Look below for the line with "Total Graph of Pradagucci" and the line with "Shaft with applied". Copy exactly those two lines and every line between, but not the pictures.

_Given records:_
=== Section Start ===

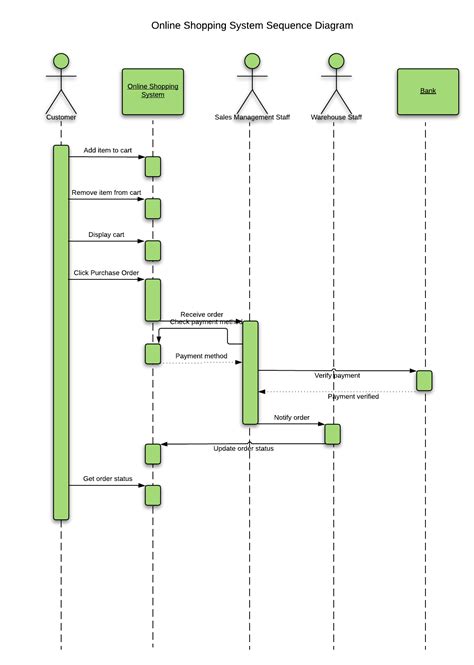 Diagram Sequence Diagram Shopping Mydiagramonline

=== Section End ===
=== Section Start ===

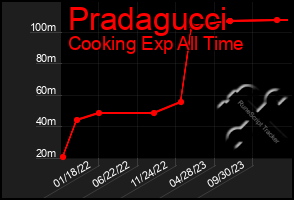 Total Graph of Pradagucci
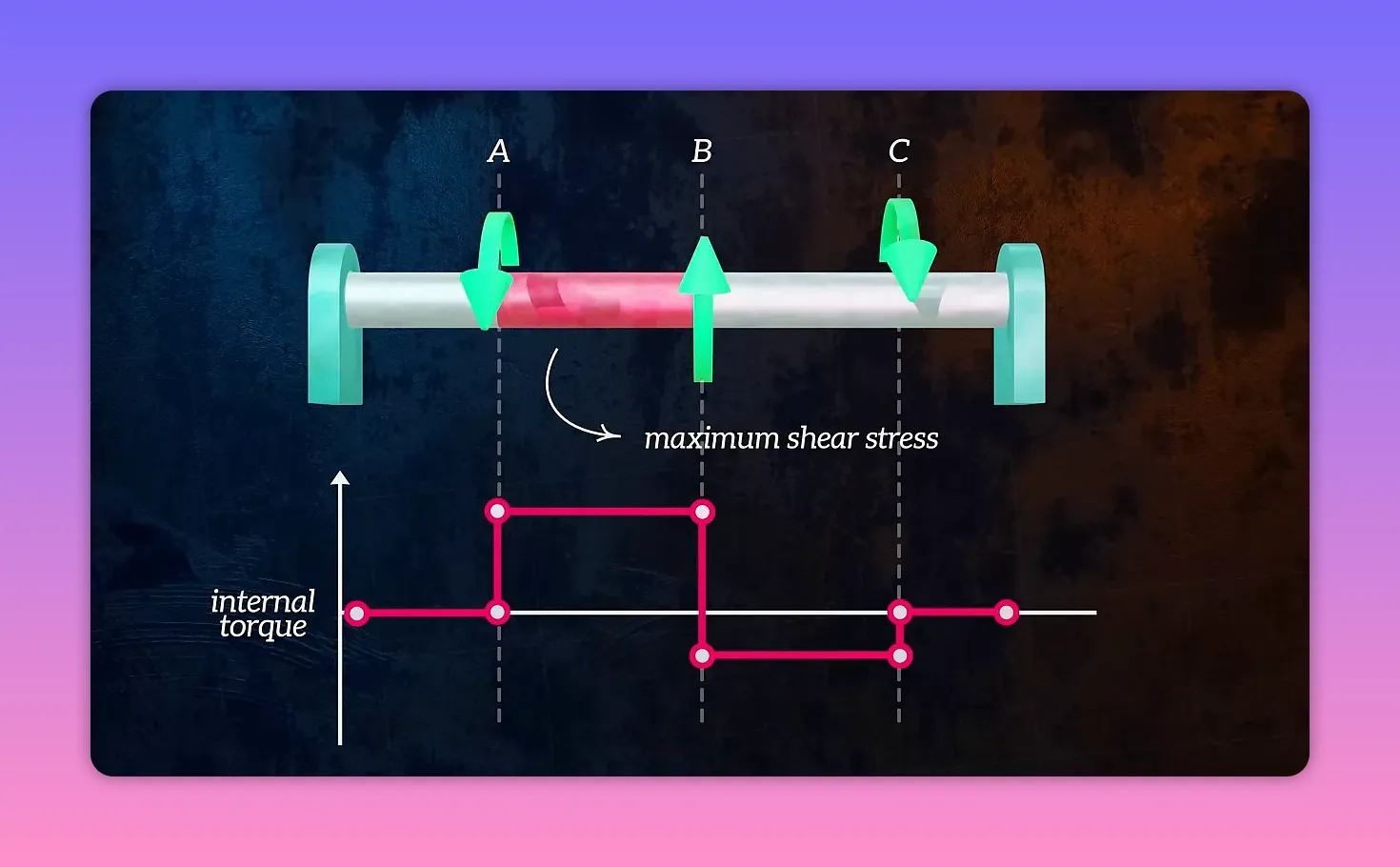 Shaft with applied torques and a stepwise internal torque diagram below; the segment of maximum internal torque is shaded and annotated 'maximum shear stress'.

=== Section End ===

_Task result:_
 Total Graph of Pradagucci
 Shaft with applied torques and a stepwise internal torque diagram below; the segment of maximum internal torque is shaded and annotated 'maximum shear stress'.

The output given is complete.